Where it all began
Spending her twenties on building sites, farms and long-haul ships, brand founder and creative director Mimosa Schmidt knows what it means to get her hands dirty. Often working in hyper masculine spaces, at times being the only woman on site, during these formative years she also learnt what it means to be watched on the job. Her femininity, in the context of hard labour, was still wrongly seen to imply weakness, incompetence, and inexperience.
Dressed in standard-issue, ill fitting workwear, she felt overlooked from the get go. A feeling that was exacerbated by the harassment and isolation she endured, for which gender seemed to be the only catalyst.
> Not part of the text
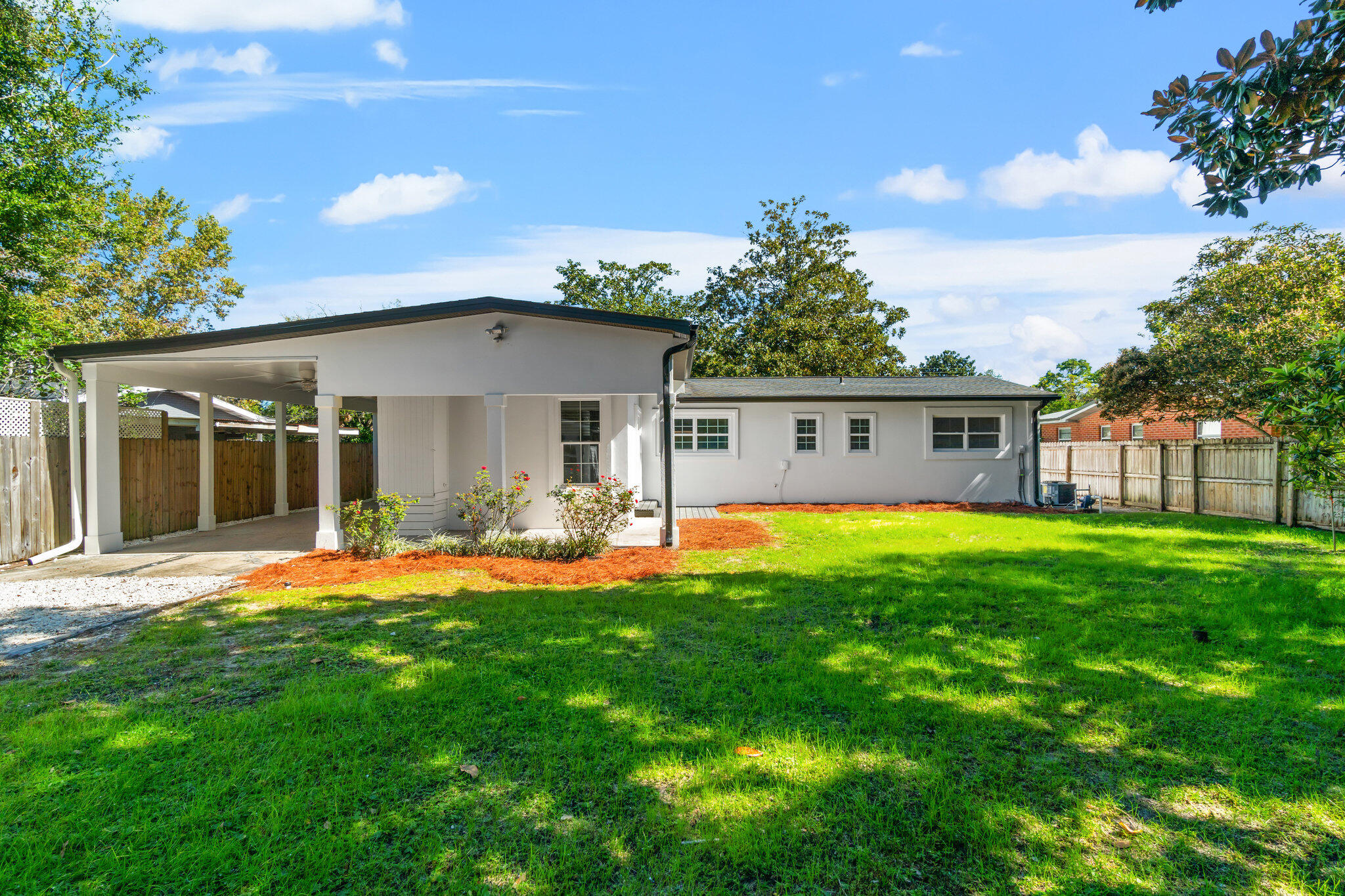 GARNIERS BEACH 7TH - Residential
Slogging it out in sagging overalls and baggy workshirts, she started to dream up designs that would empower those who have to work doubly hard to earn the respect most others are given freely.
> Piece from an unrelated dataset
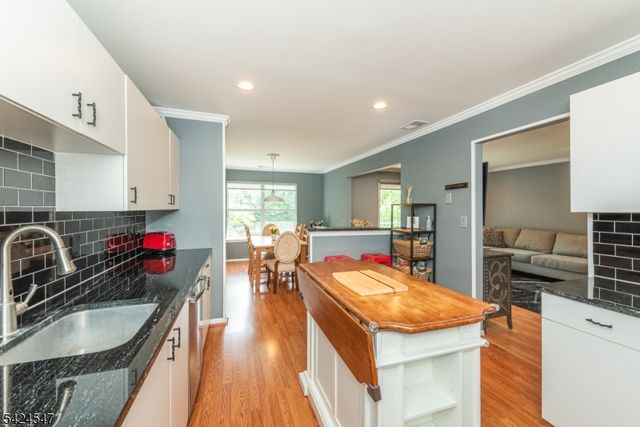 4 Katie Ct, East Hanover Twp., NJ 07936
Enter SÜK Workwear. The culmination of years of research and inspired design prototypes, SÜK is built on the ethos of celebrating all workers as worthy. Function, sexuality, fluidity, integrity and fierceness combine in these garments, whose design champions feminine expression, rather than attempting to dismiss and disguise under the usual workwear norm.
SÜK invites all bodies to have the confidence to be their most creative selves, the versatility to endure any task, and the freedom to look hot while doing it. A tongue-in-cheek homonym, SÜK is a wink to all the men on site who thought ‘the girls’ were subpar, an outright gift to all identities who’s power has, until now, been dismissed.